When to use TwoStageDiD:
Staggered adoption settings where you want efficient point estimates with variance that accounts for first-stage estimation uncertainty
When you prefer the GMM sandwich variance over the conservative variance used by ImputationDiD — the sandwich estimator can yield tighter confidence intervals when first-stage uncertainty is small
As a robustness check alongside CallawaySantAnna and ImputationDiD: if all estimators agree, results are robust; if they disagree, investigate treatment effect heterogeneity
When you need an event study that is free of TWFE contamination bias
Reference: Gardner, J. (2022). Two-stage differences in differences. arXiv:2207.05943. Butts, K. & Gardner, J. (2022). did2s: Two-Stage Difference-in-Differences. R Journal, 14(1), 162-173.
TwoStageDiD#
Main estimator class for two-stage DiD estimation.
- class diff_diff.TwoStageDiD[source]
Bases:
TwoStageDiDBootstrapMixinGardner (2022) two-stage Difference-in-Differences estimator.
This estimator addresses TWFE bias under heterogeneous treatment effects by: 1. Estimating unit + time FEs on untreated observations only 2. Residualizing ALL outcomes using estimated FEs 3. Regressing residualized outcomes on treatment indicators
Point estimates are identical to ImputationDiD (Borusyak et al. 2024). The key difference is the variance estimator: TwoStageDiD uses a GMM sandwich variance that accounts for first-stage estimation uncertainty, while ImputationDiD uses the conservative variance from Theorem 3.
- Parameters:
anticipation (int, default=0) – Number of periods before treatment where effects may occur.
alpha (float, default=0.05) – Significance level for confidence intervals.
cluster (str, optional) – Column name for cluster-robust standard errors. If None, clusters at the unit level by default.
n_bootstrap (int, default=0) – Number of bootstrap iterations.

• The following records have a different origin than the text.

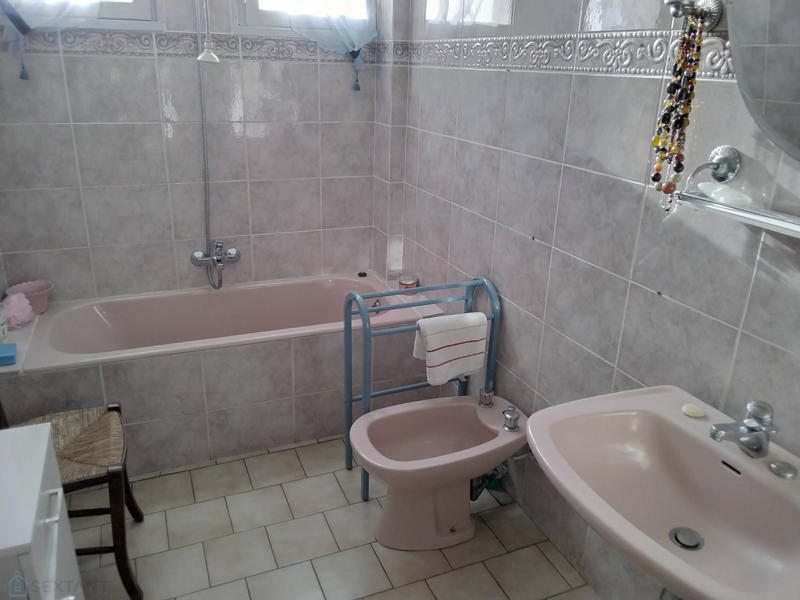 Maison - 168 m² - 9 pièces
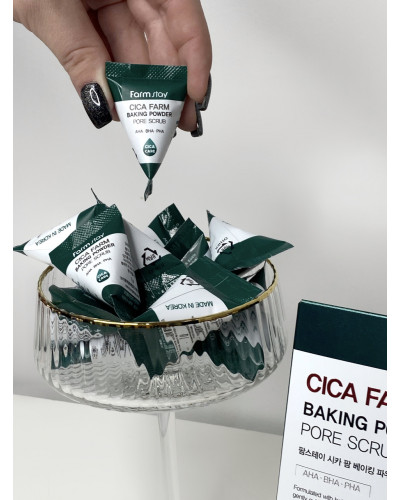 Скраб для обличчя з азіатською центеллою Cica Farm Baking Powder Pore Scrub FarmStay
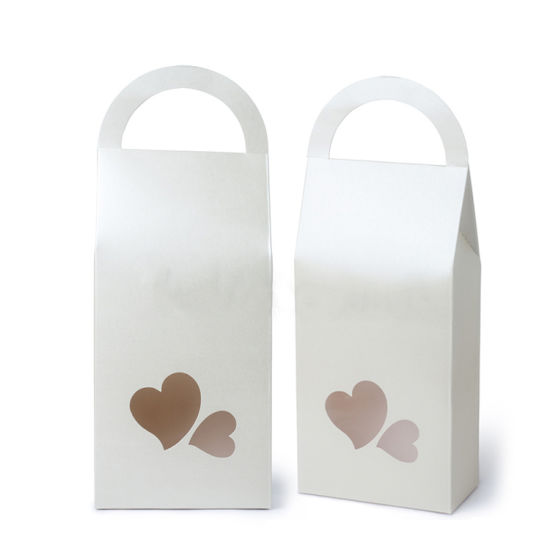 Heart Windows Customized Art Paper Gift Box with Die Cut Handle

If 0, uses analytical GMM sandwich inference.
bootstrap_weights (str, default="rademacher") – Type of bootstrap weights: “rademacher”, “mammen”, or “webb”.
seed (int, optional) – Random seed for reproducibility.
rank_deficient_action (str, default="warn") – Action when design matrix is rank-deficient: - “warn”: Issue warning and drop linearly dependent columns - “error”: Raise ValueError - “silent”: Drop columns silently
horizon_max (int, optional) – Maximum event-study horizon. If set, event study effects are only computed for abs(h) <= horizon_max.
pretrends (bool, default=False) – If True, event study includes pre-treatment horizons for visual pre-trends assessment. Pre-period effects should be ~0 under parallel trends. Only affects event_study aggregation; overall ATT and group aggregation are unchanged.
- results_
Estimation results after calling fit().
- Type:
- is_fitted_
Whether the model has been fitted.
- Type:
Examples
Basic usage:
>>> from diff_diff import TwoStageDiD, generate_staggered_data >>> data = generate_staggered_data(n_units=200, seed=42) >>> est = TwoStageDiD() >>> results = est.fit(data, outcome='outcome', unit='unit', ... time='period', first_treat='first_treat') >>> results.print_summary()
With event study:
>>> est = TwoStageDiD() >>> results = est.fit(data, outcome='outcome', unit='unit', ... time='period', first_treat='first_treat', ... aggregate='event_study') >>> from diff_diff import plot_event_study >>> plot_event_study(results)
Notes
The two-stage estimator uses ALL untreated observations (never-treated + not-yet-treated periods of eventually-treated units) to estimate the counterfactual model.
References
- Gardner, J. (2022). Two-stage differences in differences.
arXiv:2207.05943.
- Butts, K. & Gardner, J. (2022). did2s: Two-Stage
Difference-in-Differences. R Journal, 14(1), 162-173.
Methods
fit(data, outcome, unit, time, first_treat)Fit the two-stage DiD estimator.
get_params()Get estimator parameters (sklearn-compatible).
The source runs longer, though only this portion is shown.